William Howard Taft & the Supreme Court

By Kaleena Fraga

William Howard Taft never wanted to be president. He was driven to the White House on the crest of his wife’s ambitions–she had wanted to be First Lady since childhood. Taft’s enduring goal was to join the Supreme Court.

When Taft became president in 1909, he noted to a friend that “if I were now presiding in the Supreme Court of the United States as Chief Justice, I should feel entirely at home, but with the troubles of selecting a cabinet and the difficulties in respect to the revision of the tariff, I just feel a bit like a fish out of water.”

Taft had harbored this ambition since he became a superior court judge in his late twenties.
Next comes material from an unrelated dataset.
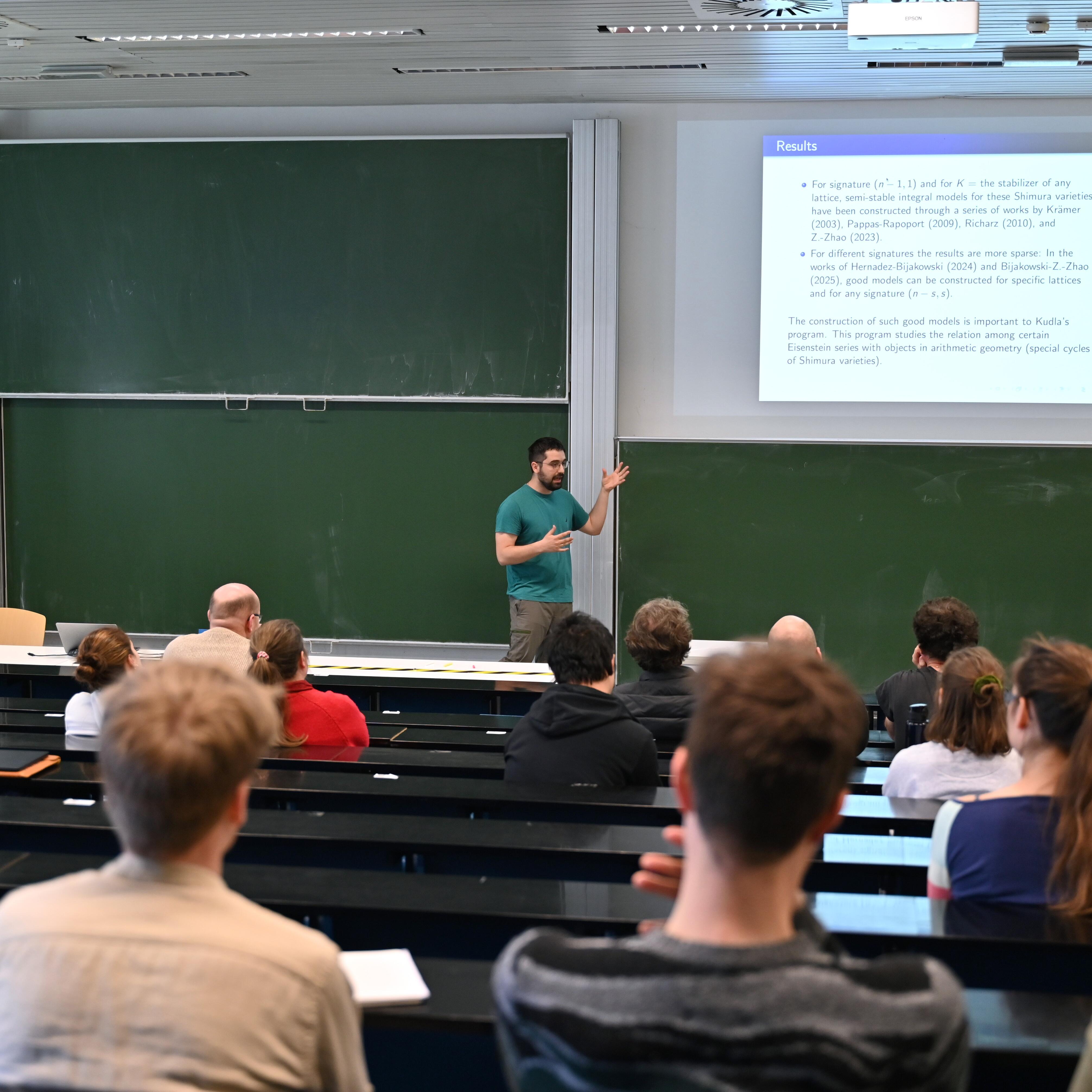 Webbild Kolloquium Wilhelm Killing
Several times he got close–President McKinley promised him an appointment if Taft would accept his order to serve as Governor General of the Philippines. And President Roosevelt had similarly (twice) offered an appointment. But Taft found himself consistently answering to other callings outside of the Supreme Court–he felt he could not leave his work in the Philippines and his wife, Nellie, convinced him pursue the presidency instead.
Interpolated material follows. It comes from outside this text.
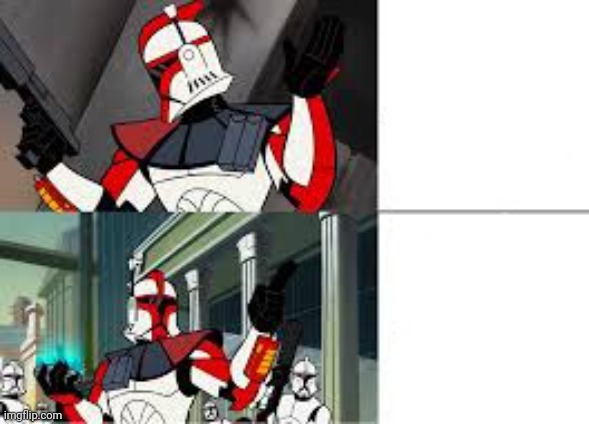 My Custom template | image tagged in star wars,custom template | made w/ Imgflip meme maker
Taft didn’t especially enjoy being president–he once remarked that he hardly remembered his one term in office–and the end of his presidency was clouded by his former friend Theodore Roosevelt’s decision to throw his hat in the ring, effectively denying either of them a chance of reelection. But Taft did leave his mark on American jurisprudence–as president, he had the opportunity to appoint six justices to the Supreme Court.

taft sworn inOn October 3rd, 1921, Taft finally realized his ultimate goal and was appointed as Chief Justice of the Supreme Court by President Warren Harding. “This is,” Taft declared, “the greatest day of my life.”

As Chief Justice, Taft would oversee a court that expanded federal power, leaned conservative, and approved of Prohibition.

Many of Taft’s decisions–including a controversial ruling that allowed warrantless wiretaps of telephone conversations to be used against defendants in court–were overturned once he retired from the bench. Antonin Scalia noted that Taft, “had a quite accurate ‘vision of things to come,’ did not like them, and did his best, with consummate skill but ultimate lack of success, to alter the outcome.”

Perhaps Taft’s greatest legacy on the Supreme Court was to increase its power and prestige. Taft convinced Congress to pass the Judges’ Bill of 1925, which gave the Supreme Court more control over the cases in its docket and took away the automatic right of appeal. Taft often pushed for unanimity among his fellow justices, believing that such a statement would increase the court’s authority.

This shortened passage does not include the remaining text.